┌─ DATA FOR THIS TASK
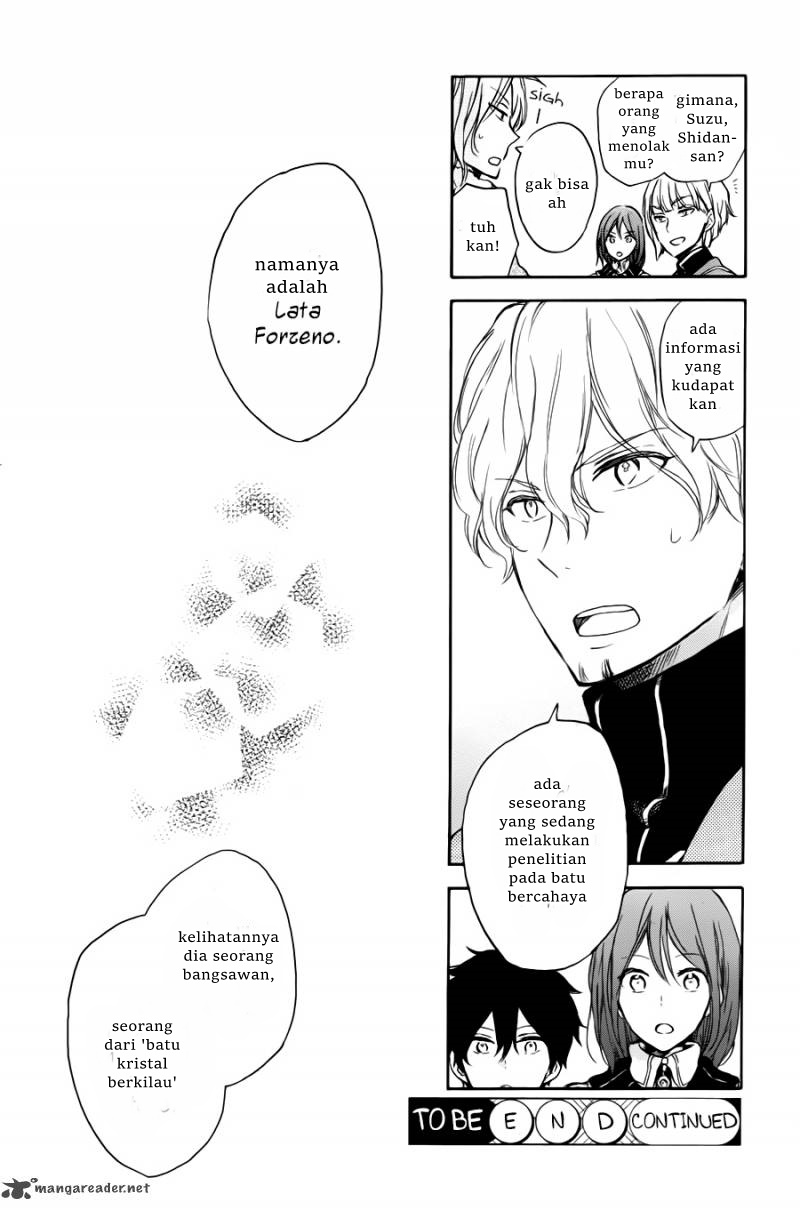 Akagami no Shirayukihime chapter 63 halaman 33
└─
┌─ DATA FOR THIS TASK
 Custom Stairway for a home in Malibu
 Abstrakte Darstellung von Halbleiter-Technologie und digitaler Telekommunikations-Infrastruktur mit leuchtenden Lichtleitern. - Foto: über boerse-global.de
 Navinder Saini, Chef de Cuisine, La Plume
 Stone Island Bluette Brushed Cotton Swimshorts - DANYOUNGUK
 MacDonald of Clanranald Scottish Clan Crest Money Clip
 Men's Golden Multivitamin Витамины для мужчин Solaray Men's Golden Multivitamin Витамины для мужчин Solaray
└─
┌─ DATA FOR THIS TASK
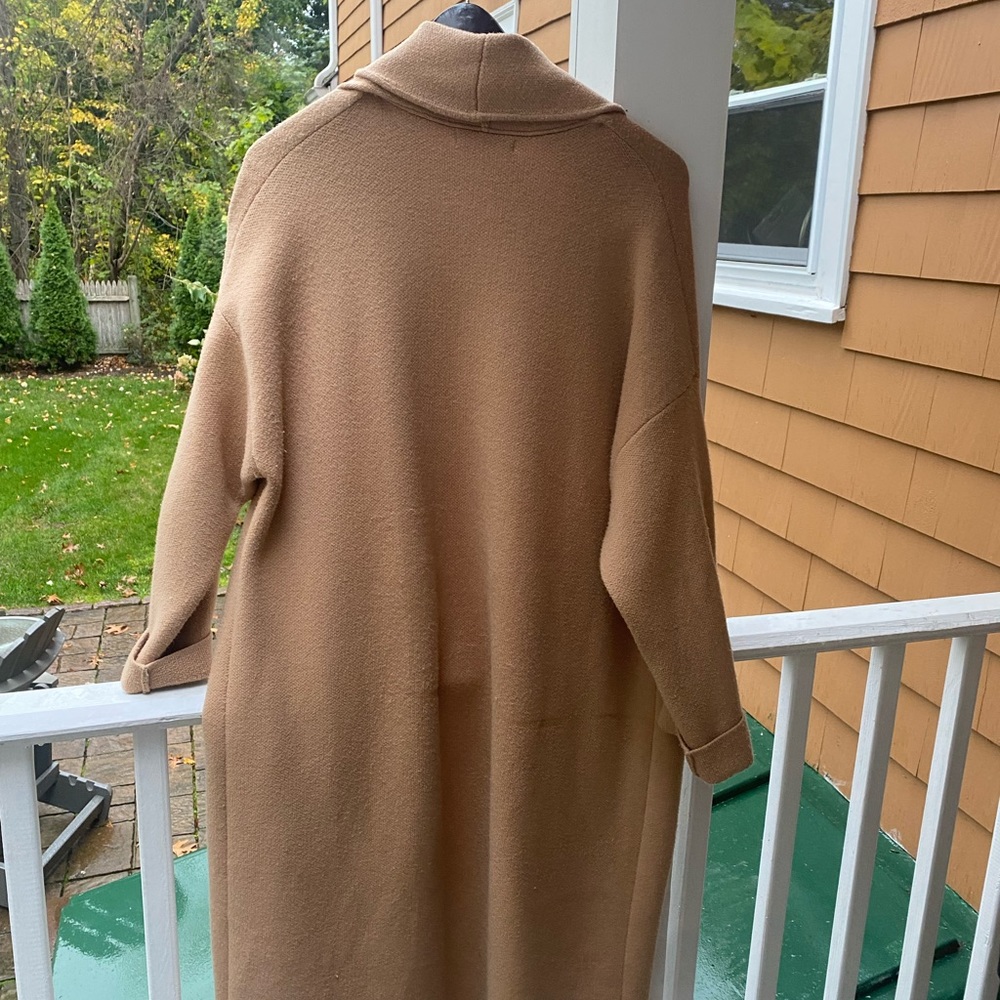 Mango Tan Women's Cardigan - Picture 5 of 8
└─
ACTIVITY – Working from the material above, retype exactly the lines from the one with "Custom Stairway for a home in Malibu" through the one with "Men's Golden Multivitamin Витамины для мужчин Solaray Men's", both included, and only those lines.

RESPONSE –
 Custom Stairway for a home in Malibu
 Abstrakte Darstellung von Halbleiter-Technologie und digitaler Telekommunikations-Infrastruktur mit leuchtenden Lichtleitern. - Foto: über boerse-global.de
 Navinder Saini, Chef de Cuisine, La Plume
 Stone Island Bluette Brushed Cotton Swimshorts - DANYOUNGUK
 MacDonald of Clanranald Scottish Clan Crest Money Clip
 Men's Golden Multivitamin Витамины для мужчин Solaray Men's Golden Multivitamin Витамины для мужчин Solaray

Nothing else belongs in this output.